PARTE 2: ETHAN DESCUBRIÓ POR QUÉ LO ABANDONÉ.

Me quedé inmóvil.

—Estaba soñando.

—No.

Ethan apretó el volante.

—Dijiste mi nombre.

Sentí frío.

—Dijiste: “Ethan, aléjate de mí. No quiero hacerte lo mismo que mamá.”

Giré hacia la ventana.

—Llévame a casa.

—Claire, ¿qué ocurrió realmente hace tres años?

—Nada.

—Me dijiste que preferías morir antes que casarte conmigo.

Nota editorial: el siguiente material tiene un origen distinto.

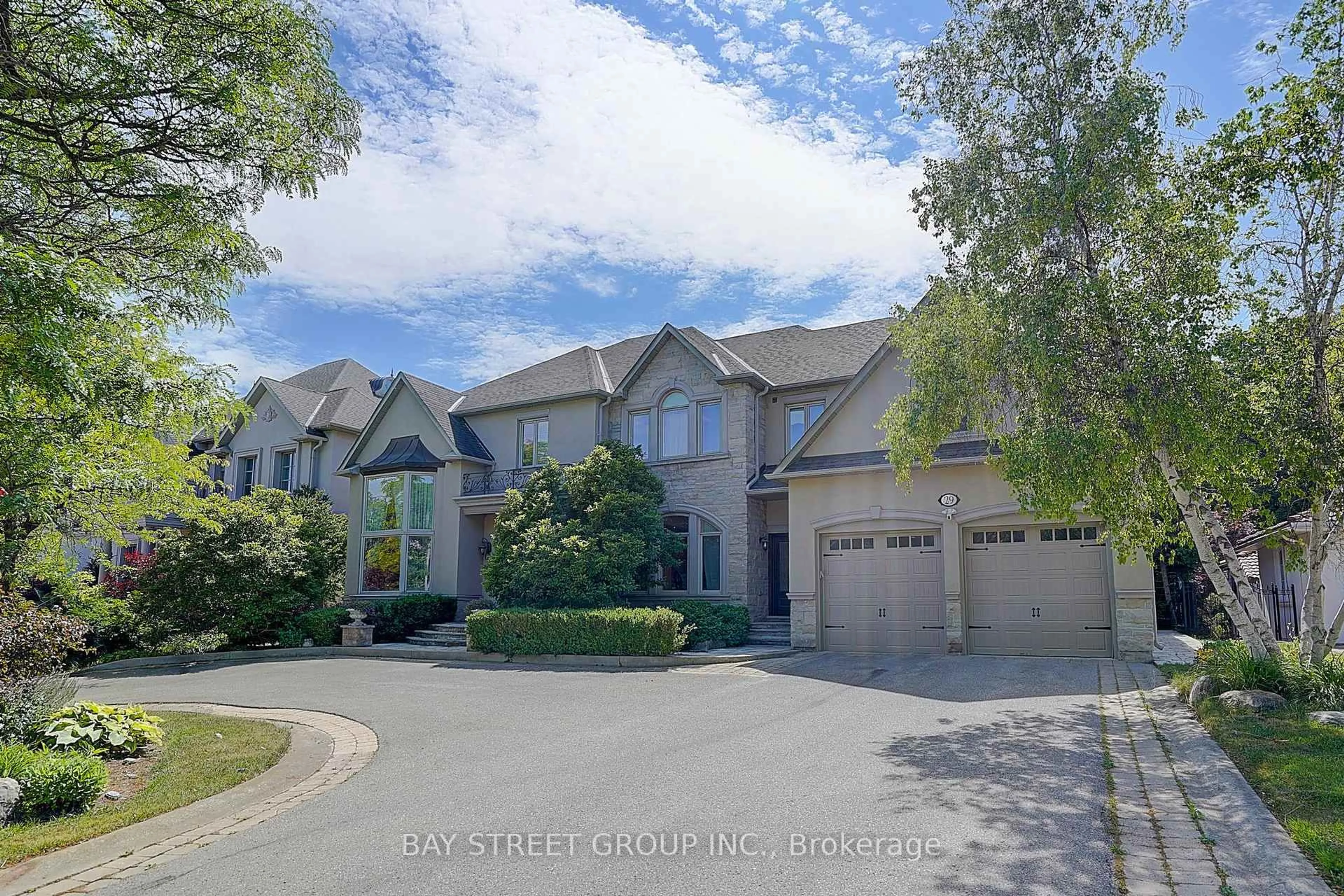 A pic from outside/outdoor area/front of a property/back of a property/a pic from drone, unknown for 29 Pebblelane Crt, Richmond Hill Ontario L4C 6X2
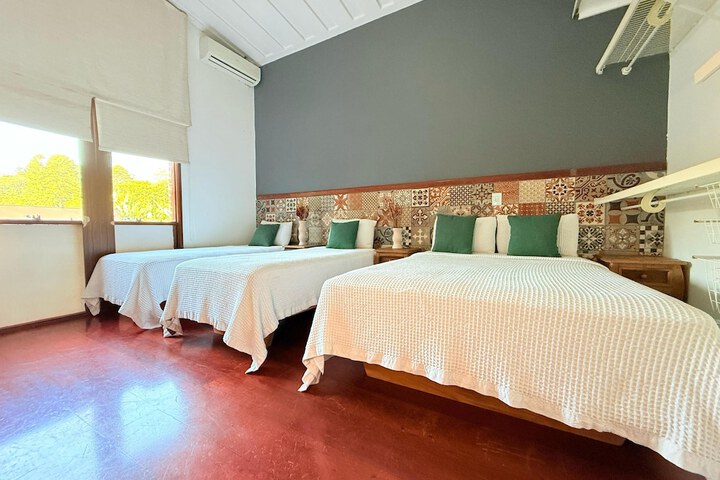 Room 4 of 70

Su voz se quebró ligeramente.

—Luego desapareciste seis años de mi vida como si nunca hubieran existido.

Finalmente lo miré.

—Estás casado, Ethan.

Sus ojos bajaron hacia el anillo.

Y, para mi sorpresa, se lo quitó.

—Mi hermana me obligó a usarlo.

Parpadeé.

—¿Qué?

—Trabajo en urgencias. Una paciente empezó a acosarme hace meses. Mi hermana dijo que un anillo sería más efectivo que explicar veinte veces que estoy soltero.

Casi me reí.

Entonces recordé lo importante.

—Eso no cambia nada.

Abrí la puerta.

Ethan la bloqueó.

—Cambia una cosa.

Me miró directamente.

—Ayer mentí cuando dije que mi esposa era mejor que tú.

Guardé silencio.

—Porque nunca hubo esposa.

Mis defensas comenzaron a derrumbarse.

Le conté todo.

El sonambulismo.

Los estudios.

Mi padre.

La noche anterior a su propuesta.

Y finalmente aquella mañana en que desperté con un cuchillo en la mano cerca de él.

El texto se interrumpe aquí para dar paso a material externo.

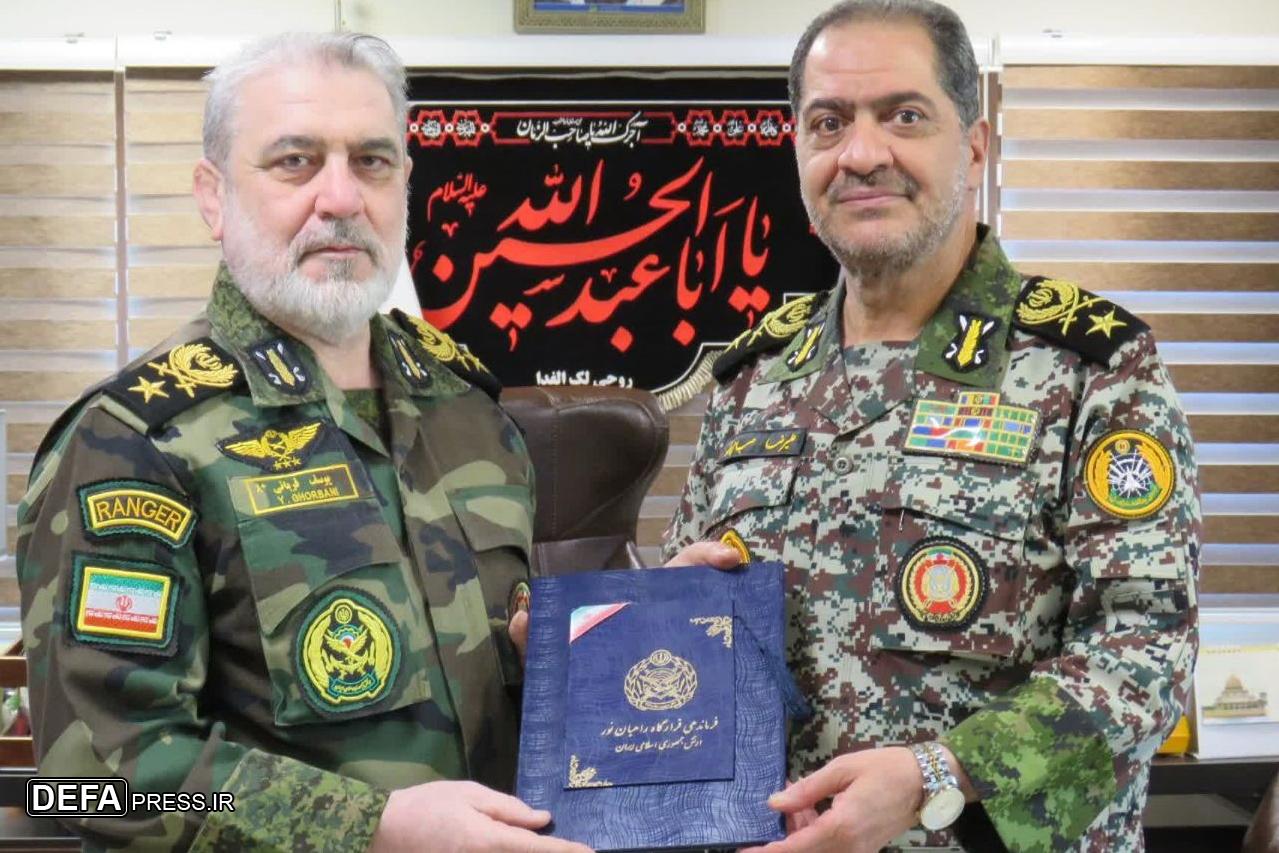 فرمانده قرارگاه راهیان نور ارتش با سرتیپ صباحی فرد دیدار کرد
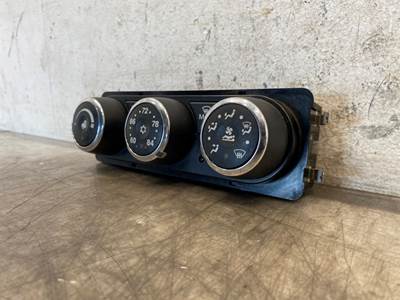 Used Peterbilt 579 Dash Climate Control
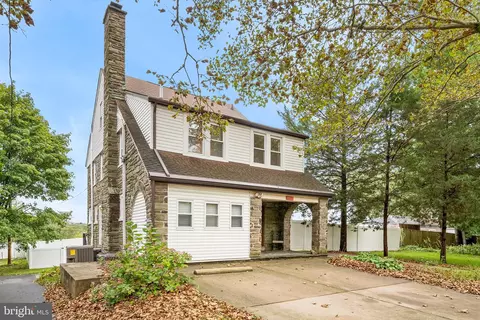 619 Chelten Hills Dr, Elkins Park, PA 19027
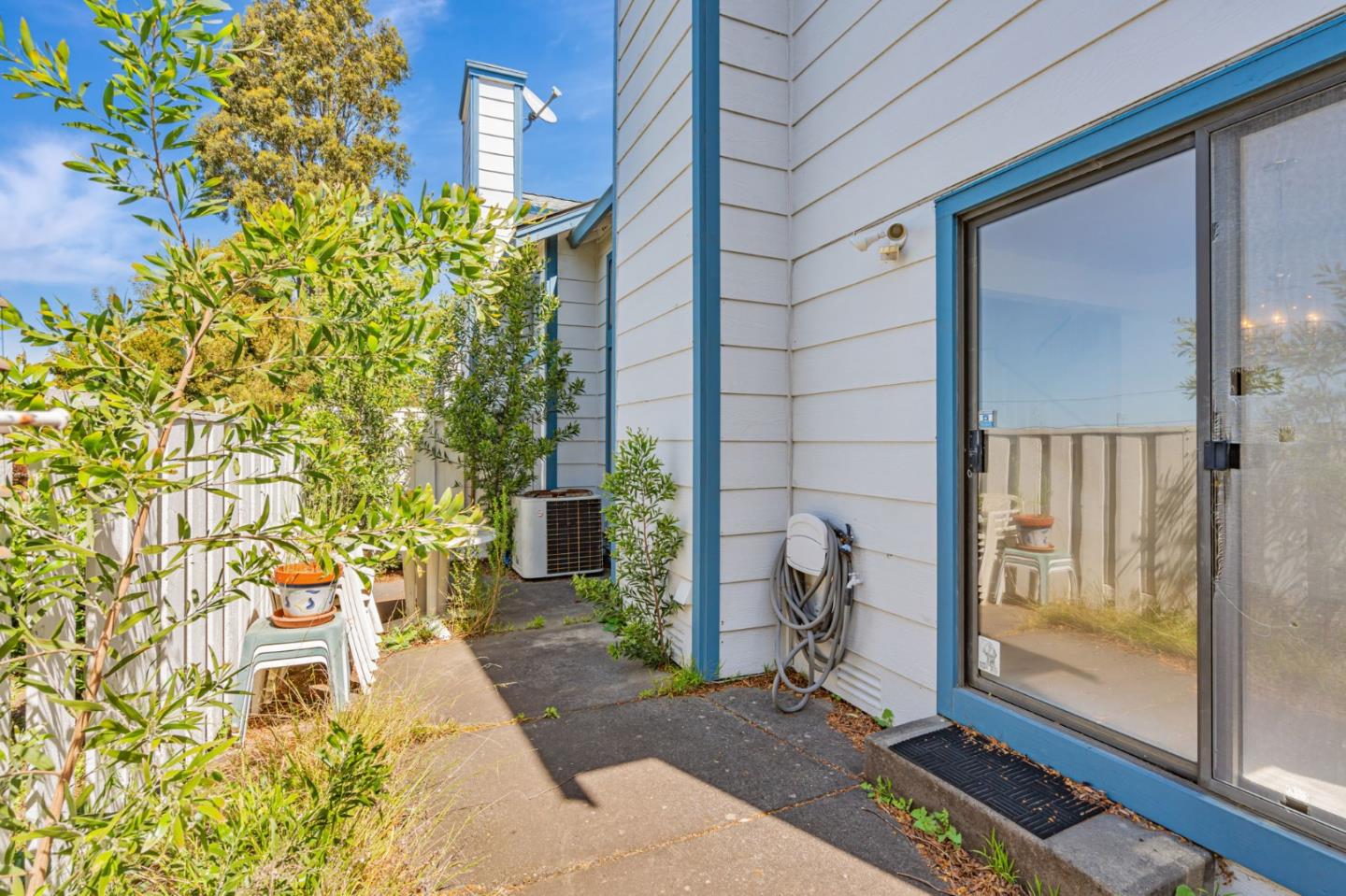 Detail Gallery Image 34 of 38 For 418 Dohrmann Ln, Pinole,  CA 94564 - 3 Beds | 2/1 Baths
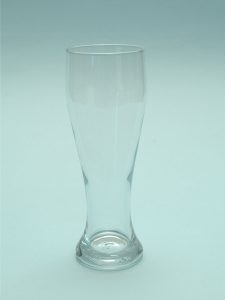 Stunt glass for film. Sugar glass Wheat beer glass 0.5L. Height x width 23 x 8.1 cm.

Ethan no habló durante mucho tiempo.

Después preguntó:

—¿Quién te diagnosticó?

Le dije el nombre.

Su expresión cambió.

—Claire, ese especialista perdió su licencia hace dos años.

Sentí que el mundo se inclinaba.

Ethan consiguió mis antiguos informes con mi autorización y los llevó al departamento de neurología.

Tres días después me llamó.

—Necesitas venir.

En su oficina había otra doctora.

Colocó mis estudios sobre la mesa.

—Los resultados originales no confirman el diagnóstico que aparece en su expediente.

Me quedé sin respirar.

Había alteraciones.

Páginas sustituidas.

Conclusiones añadidas meses después.

Y algo peor.

El médico que había firmado mi diagnóstico también había tratado a mi padre.

Ethan investigó los archivos antiguos.

Mi padre tampoco tenía confirmado aquel trastorno hereditario.

Durante catorce años yo había vivido creyendo que llevaba dentro la enfermedad que había destruido a mi familia.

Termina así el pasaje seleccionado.